Records follow. Print exactly the lines from the one that has "Una cocina con estufa, pileta y alacenas." through the one that has "Sanana mine, Guinea, 2nd", inclusive, and omit the pictures.

Caption-style text data:
+++

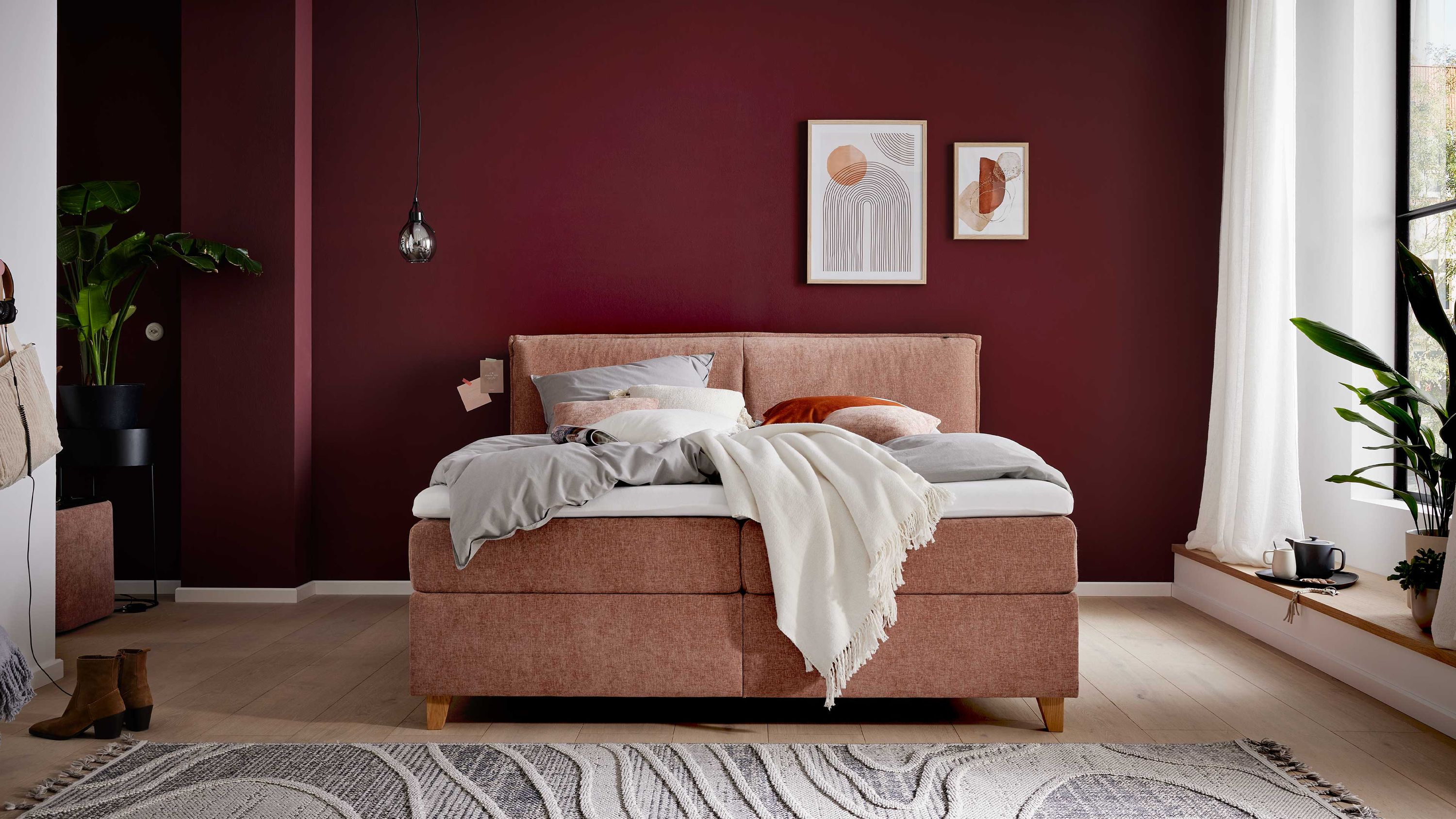 Boxspringbett mit sienafarbenem Stoffbezug und hellen Holzfüßen vor dunkelroter Wand mit zwei Bildern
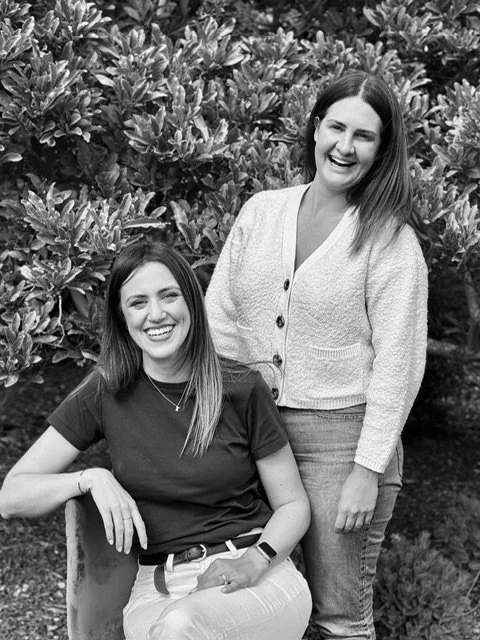 Two women smiling outdoors, one sitting and one standing, with bushes in the background.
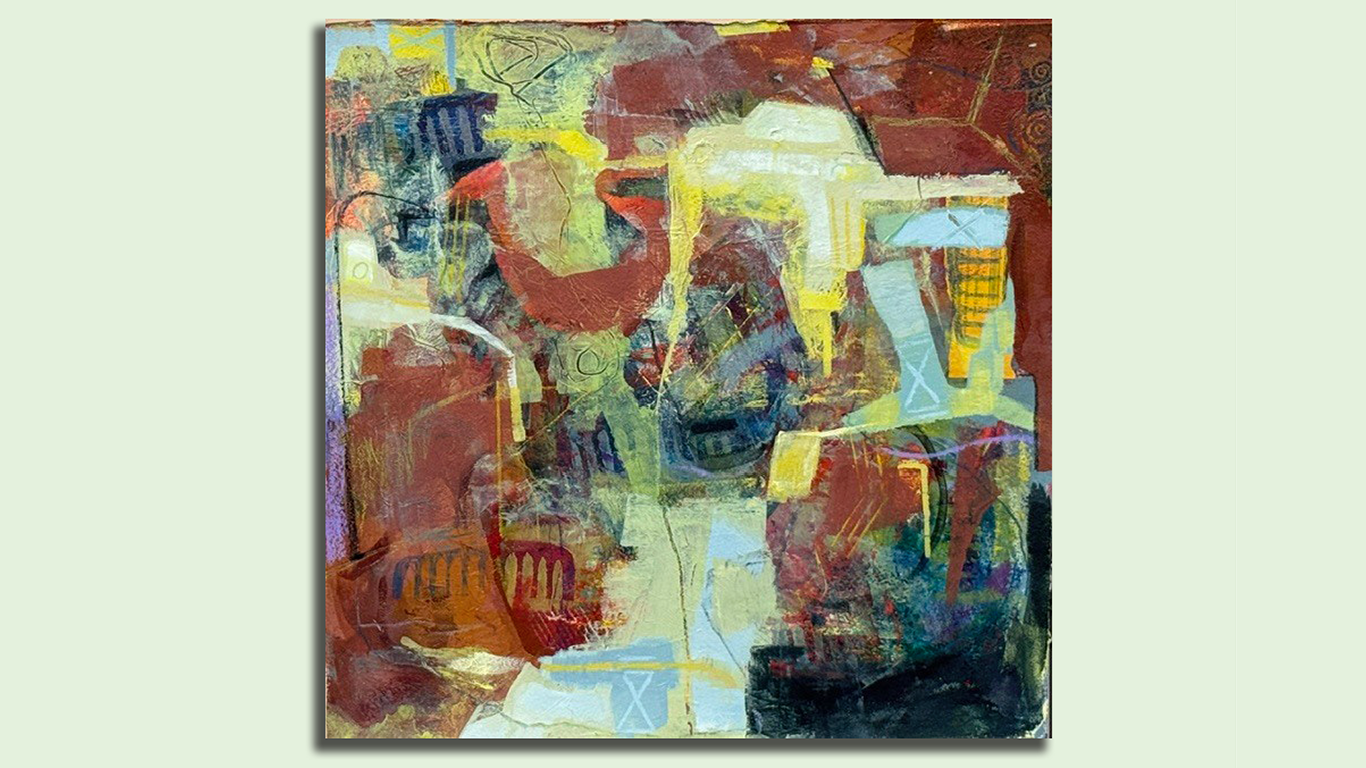 A abstract painting, with lots of reds and yellows.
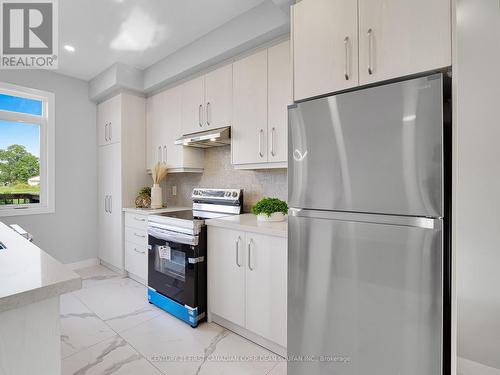 6 - 349 Southdale Road E, London South (South W), ON - Indoor Photo Showing Kitchen
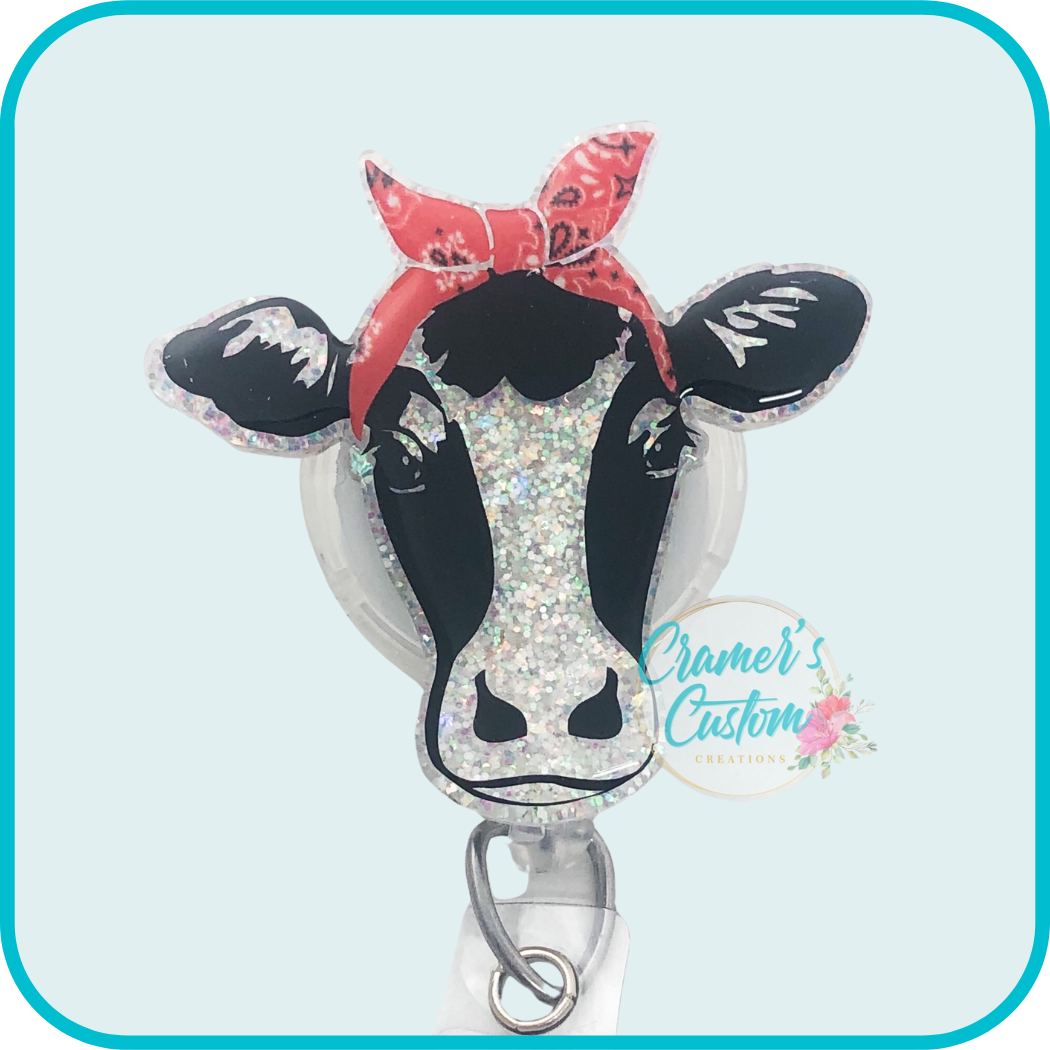 cow with red bandana badge reel on a light teal background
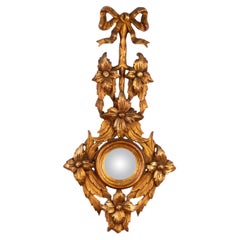 Miroir convexe rocococo en bois doré avec nœud et ruban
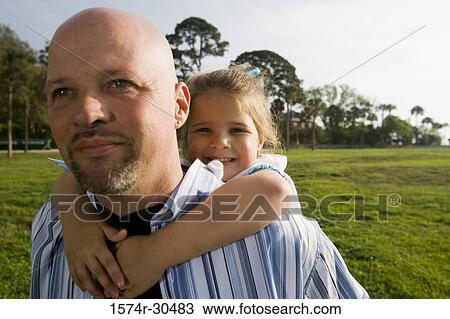 Stock Image - Portrait of a cheerful girl piggybacking on father. Fotosearch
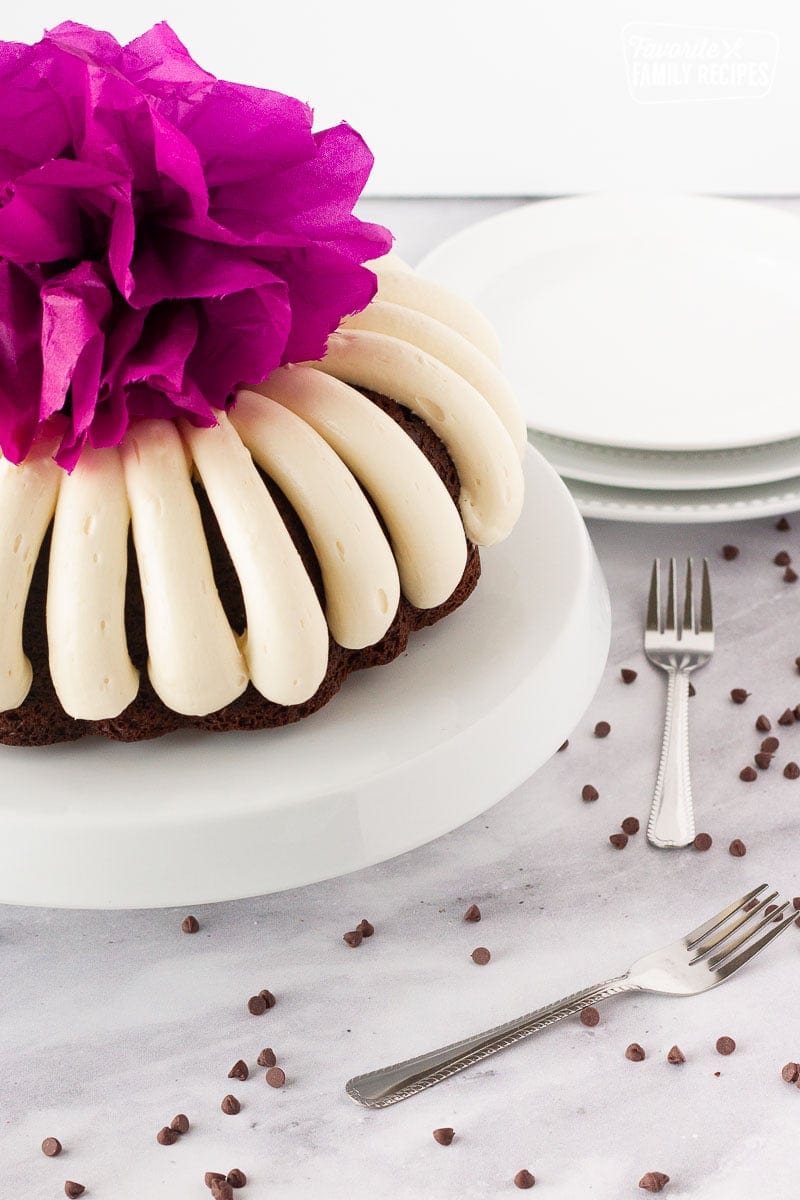 Purple pom pom on top of a Chocolate Nothing Bundt Cake.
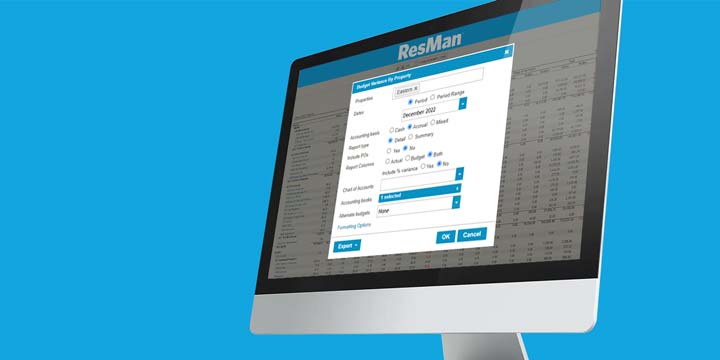 A computer monitor with the ResMan Reporting module on the screen.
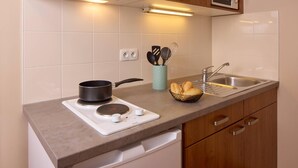Una cocina con estufa, pileta y alacenas.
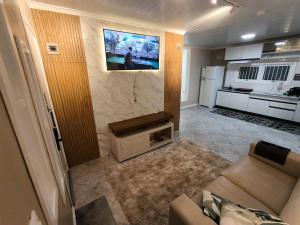 a living room with a couch and a tv on a wall at Pousada Serra Farroupilha in Farroupilha +80 photos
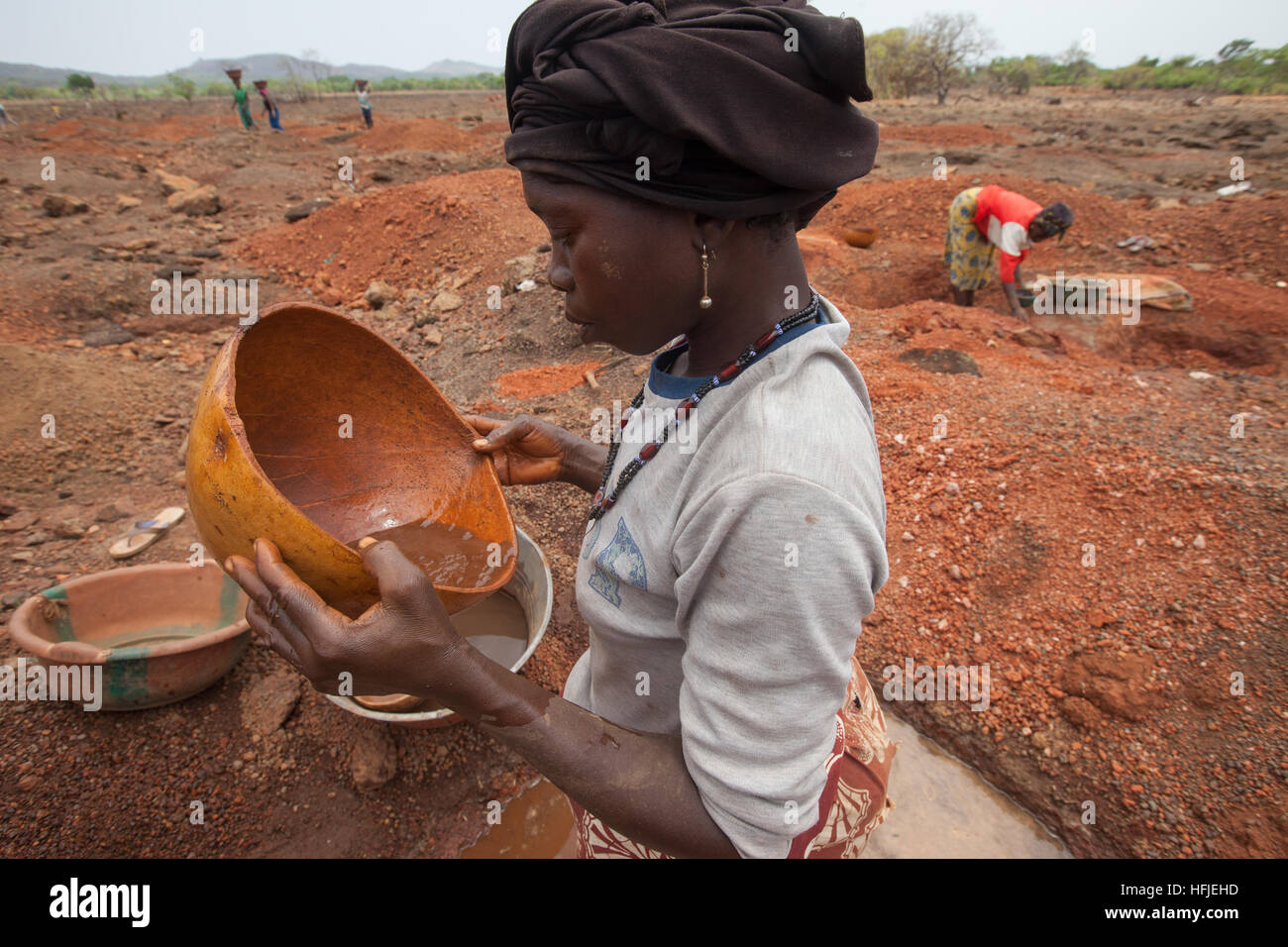 Sanana mine, Guinea, 2nd May 2015; Mariam Conde, mother of 6, collects ore rejected by miners to extract whatever small amounts of gold she can find. Stock Photo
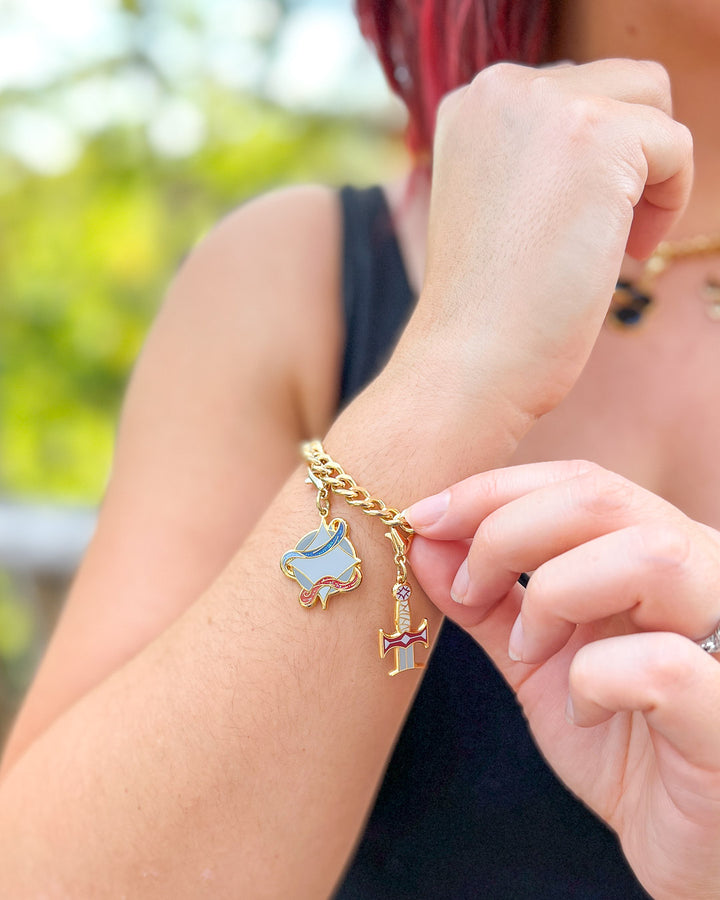 Legendborn charms modeled on a wrist featuring the Legendborn symbol and Excalibur.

+++

Exercise output:
Una cocina con estufa, pileta y alacenas.
 a living room with a couch and a tv on a wall at Pousada Serra Farroupilha in Farroupilha +80 photos
 Sanana mine, Guinea, 2nd May 2015; Mariam Conde, mother of 6, collects ore rejected by miners to extract whatever small amounts of gold she can find. Stock Photo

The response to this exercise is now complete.